Exercise description:
Go through the material and return every line that contains the string "dusk".

───── Records for the exercise

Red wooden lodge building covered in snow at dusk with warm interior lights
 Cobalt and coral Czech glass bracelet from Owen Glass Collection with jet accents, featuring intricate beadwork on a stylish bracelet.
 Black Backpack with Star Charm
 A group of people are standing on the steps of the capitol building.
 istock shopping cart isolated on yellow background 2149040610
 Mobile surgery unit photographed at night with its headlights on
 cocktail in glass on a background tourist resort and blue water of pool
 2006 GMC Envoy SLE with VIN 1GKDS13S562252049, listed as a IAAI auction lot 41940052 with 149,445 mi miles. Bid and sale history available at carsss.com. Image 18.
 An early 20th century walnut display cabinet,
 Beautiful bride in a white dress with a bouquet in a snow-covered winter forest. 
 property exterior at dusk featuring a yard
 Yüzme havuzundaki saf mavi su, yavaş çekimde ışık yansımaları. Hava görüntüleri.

──────────

Problem solution:
Red wooden lodge building covered in snow at dusk with warm interior lights
 property exterior at dusk featuring a yard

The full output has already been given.